══ Dataset records ══
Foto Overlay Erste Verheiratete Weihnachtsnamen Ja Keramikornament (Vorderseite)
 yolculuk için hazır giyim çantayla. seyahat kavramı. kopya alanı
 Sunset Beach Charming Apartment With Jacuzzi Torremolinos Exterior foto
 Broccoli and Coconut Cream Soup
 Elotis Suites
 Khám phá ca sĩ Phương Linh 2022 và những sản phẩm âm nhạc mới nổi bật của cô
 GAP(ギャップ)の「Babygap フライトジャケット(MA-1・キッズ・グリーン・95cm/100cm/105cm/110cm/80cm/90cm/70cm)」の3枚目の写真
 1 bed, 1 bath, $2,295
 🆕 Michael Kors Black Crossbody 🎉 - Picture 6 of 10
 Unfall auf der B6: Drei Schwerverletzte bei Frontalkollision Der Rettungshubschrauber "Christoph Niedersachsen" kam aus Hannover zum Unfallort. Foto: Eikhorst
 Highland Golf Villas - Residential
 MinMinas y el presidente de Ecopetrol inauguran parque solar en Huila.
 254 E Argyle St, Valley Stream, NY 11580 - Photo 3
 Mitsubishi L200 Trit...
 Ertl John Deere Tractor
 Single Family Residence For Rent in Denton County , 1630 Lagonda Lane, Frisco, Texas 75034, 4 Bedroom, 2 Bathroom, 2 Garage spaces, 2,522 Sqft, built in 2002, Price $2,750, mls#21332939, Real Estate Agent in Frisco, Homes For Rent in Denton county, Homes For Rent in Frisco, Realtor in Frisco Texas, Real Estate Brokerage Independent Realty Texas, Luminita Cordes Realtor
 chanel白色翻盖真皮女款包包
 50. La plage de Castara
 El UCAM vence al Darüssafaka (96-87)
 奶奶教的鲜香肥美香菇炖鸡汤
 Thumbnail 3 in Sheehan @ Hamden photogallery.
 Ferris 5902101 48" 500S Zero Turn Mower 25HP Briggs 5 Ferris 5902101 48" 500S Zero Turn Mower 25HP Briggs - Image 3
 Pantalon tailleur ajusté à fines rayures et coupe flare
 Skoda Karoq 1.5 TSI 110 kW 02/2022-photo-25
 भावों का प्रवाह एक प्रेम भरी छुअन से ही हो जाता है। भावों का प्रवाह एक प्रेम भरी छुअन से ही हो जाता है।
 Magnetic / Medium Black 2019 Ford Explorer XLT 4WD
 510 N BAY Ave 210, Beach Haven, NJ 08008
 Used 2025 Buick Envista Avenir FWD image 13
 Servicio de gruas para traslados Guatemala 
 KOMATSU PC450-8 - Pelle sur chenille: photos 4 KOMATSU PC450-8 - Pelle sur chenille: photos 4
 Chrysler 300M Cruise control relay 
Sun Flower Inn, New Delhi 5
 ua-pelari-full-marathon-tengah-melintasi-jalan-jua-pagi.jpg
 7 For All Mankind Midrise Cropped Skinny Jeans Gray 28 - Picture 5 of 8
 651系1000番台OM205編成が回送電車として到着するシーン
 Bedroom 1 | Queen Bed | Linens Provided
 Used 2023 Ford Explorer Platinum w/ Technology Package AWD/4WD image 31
═══
▶ _Task goal_
From the line holding "Thumbnail 3 in" through the last line above, reproduce each line exactly and add nothing.

▶ _Exercise answer_
 Thumbnail 3 in Sheehan @ Hamden photogallery.
 Ferris 5902101 48" 500S Zero Turn Mower 25HP Briggs 5 Ferris 5902101 48" 500S Zero Turn Mower 25HP Briggs - Image 3
 Pantalon tailleur ajusté à fines rayures et coupe flare
 Skoda Karoq 1.5 TSI 110 kW 02/2022-photo-25
 भावों का प्रवाह एक प्रेम भरी छुअन से ही हो जाता है। भावों का प्रवाह एक प्रेम भरी छुअन से ही हो जाता है।
 Magnetic / Medium Black 2019 Ford Explorer XLT 4WD
 510 N BAY Ave 210, Beach Haven, NJ 08008
 Used 2025 Buick Envista Avenir FWD image 13
 Servicio de gruas para traslados Guatemala 
 KOMATSU PC450-8 - Pelle sur chenille: photos 4 KOMATSU PC450-8 - Pelle sur chenille: photos 4
 Chrysler 300M Cruise control relay 
Sun Flower Inn, New Delhi 5
 ua-pelari-full-marathon-tengah-melintasi-jalan-jua-pagi.jpg
 7 For All Mankind Midrise Cropped Skinny Jeans Gray 28 - Picture 5 of 8
 651系1000番台OM205編成が回送電車として到着するシーン
 Bedroom 1 | Queen Bed | Linens Provided
 Used 2023 Ford Explorer Platinum w/ Technology Package AWD/4WD image 31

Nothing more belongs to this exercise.